In previous posts, AMAX engineers explored how NVIDIA® Riva enables real-time, on-prem speech recognition for enterprise workloads. As that work progressed into real customer-like scenarios, one challenge became increasingly clear: audio quality matters as much as model quality.
This is where NVIDIA Maxine™ SDK plays a critical role.
Maxine provides GPU-accelerated audio enhancement capabilities such as Acoustic Echo Cancellation (AEC) and Background Noise Removal (BNR). In this post, AMAX engineers share how we integrated Maxine SDK into our existing Riva-based voice AI pipeline, the architectural decisions involved, and what we learned while deploying it in real-world environments.
Why Audio Enhancement Matters in Enterprise Voice AI
Most speech recognition models assume reasonably clean input audio.

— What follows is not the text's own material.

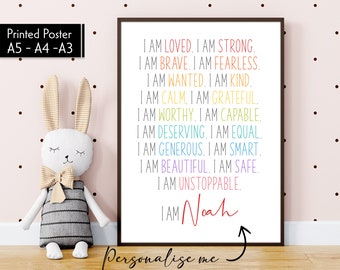 Kids Affirmation Printable Art: I Am Loved, Strong, Brave, Fearless, Beautiful - Personalised Word Art, Nursery Decor, Positive Affirmation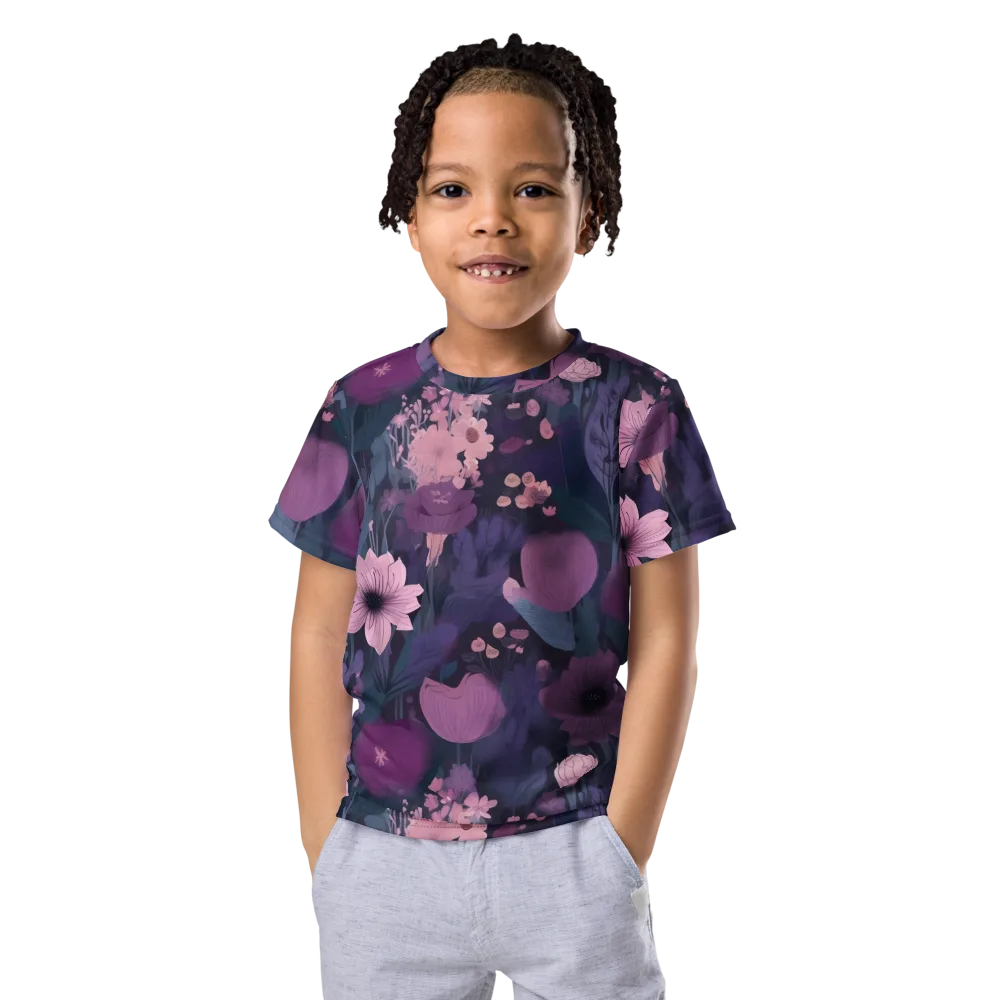 Afterdark Florals on Kids Crew Neck T-Shirt — Front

In practice, enterprise voice workflows introduce challenges such as:
- Far-end audio leaking into the microphone path
- Laptop speakers causing echo loops
- HVAC, keyboard, and ambient noise
- Variability across devices and operating systems
During early testing, AMAX engineers observed that these issues could cause:
- Increased transcription fragmentation
- Delayed stabilization of interim results
- Reduced accuracy on domain-specific terminology
Rather than attempting to compensate for these issues purely at the ASR layer, we explored audio pre-processing using NVIDIA Maxine SDK.
Overview of NVIDIA Maxine SDK
NVIDIA Maxine SDK is a collection of GPU-accelerated audio and video enhancement libraries designed for real-time communication applications. For voice AI workloads, two capabilities are particularly relevant:
- Acoustic Echo Cancellation (AEC) – removes far-end audio from near-end microphone signals
- Background Noise Removal (BNR) – suppresses ambient noise while preserving speech quality
Maxine SDK is delivered as a C++ SDK and runs on both Windows and Linux systems. Unlike cloud-based audio processing services, Maxine operates entirely on-prem and can be integrated directly into existing real-time pipelines.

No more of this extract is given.